§ **Task description**:
Retype the lines below exactly, from the one that contains "Pilový kotouč Irwin, hrubé" through the last, and leave every picture out.

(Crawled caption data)

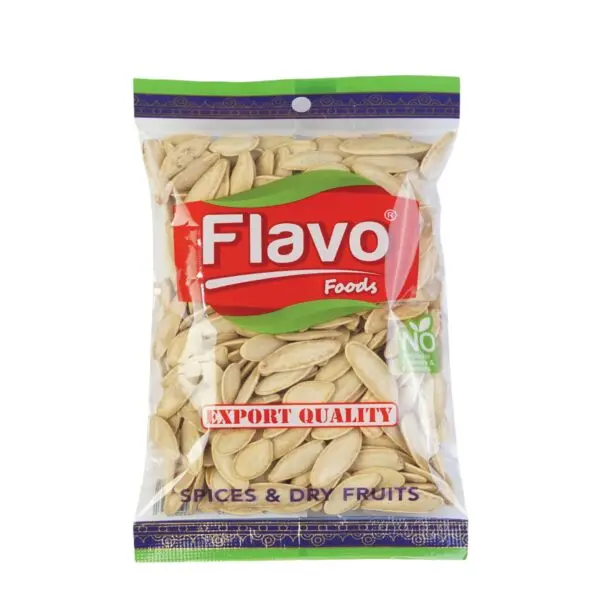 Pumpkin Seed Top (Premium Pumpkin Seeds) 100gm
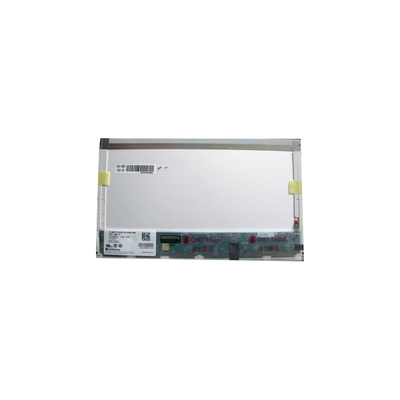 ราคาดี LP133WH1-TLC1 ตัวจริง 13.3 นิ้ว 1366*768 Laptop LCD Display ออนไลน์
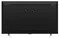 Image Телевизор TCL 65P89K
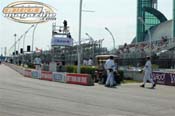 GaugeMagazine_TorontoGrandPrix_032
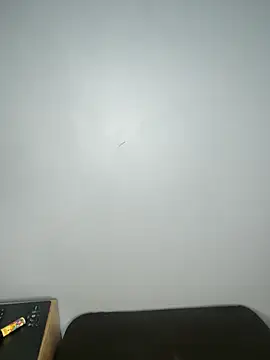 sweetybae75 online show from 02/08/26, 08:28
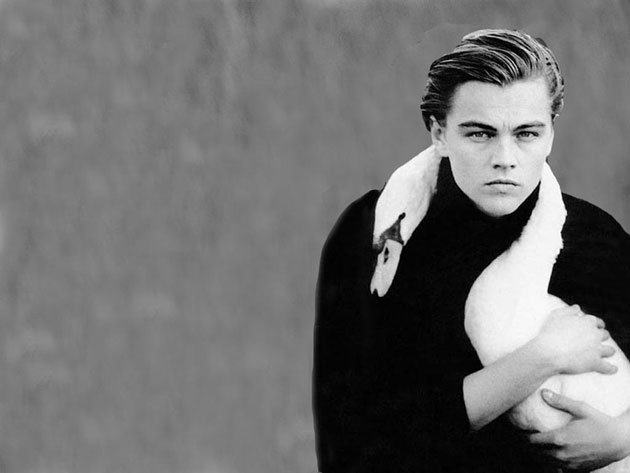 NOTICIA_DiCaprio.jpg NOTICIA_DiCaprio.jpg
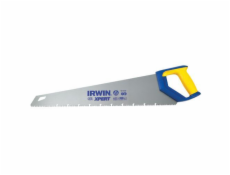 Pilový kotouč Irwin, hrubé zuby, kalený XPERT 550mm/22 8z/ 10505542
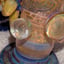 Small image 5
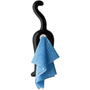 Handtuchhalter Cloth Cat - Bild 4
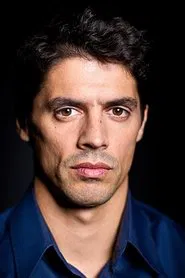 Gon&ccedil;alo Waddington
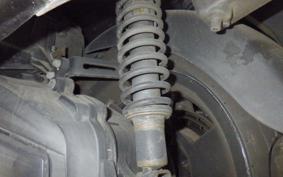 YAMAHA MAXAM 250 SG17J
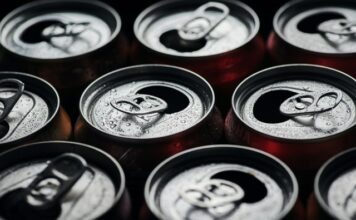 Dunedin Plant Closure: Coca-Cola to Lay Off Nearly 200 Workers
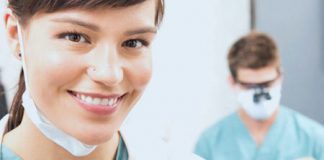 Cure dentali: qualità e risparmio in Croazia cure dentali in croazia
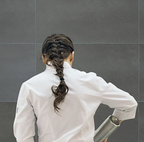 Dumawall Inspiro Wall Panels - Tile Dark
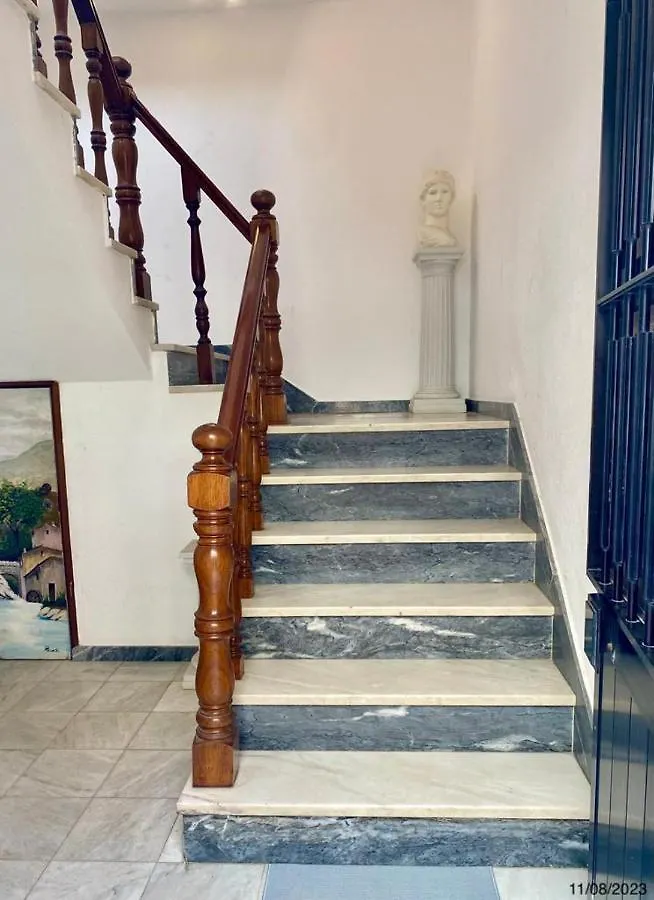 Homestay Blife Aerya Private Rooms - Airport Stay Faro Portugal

§ **Result of the exercise**:
 Pilový kotouč Irwin, hrubé zuby, kalený XPERT 550mm/22 8z/ 10505542
 Small image 5
 Handtuchhalter Cloth Cat - Bild 4
 Gon&ccedil;alo Waddington
 YAMAHA MAXAM 250 SG17J
 Dunedin Plant Closure: Coca-Cola to Lay Off Nearly 200 Workers
 Cure dentali: qualità e risparmio in Croazia cure dentali in croazia
 Dumawall Inspiro Wall Panels - Tile Dark
 Homestay Blife Aerya Private Rooms - Airport Stay Faro Portugal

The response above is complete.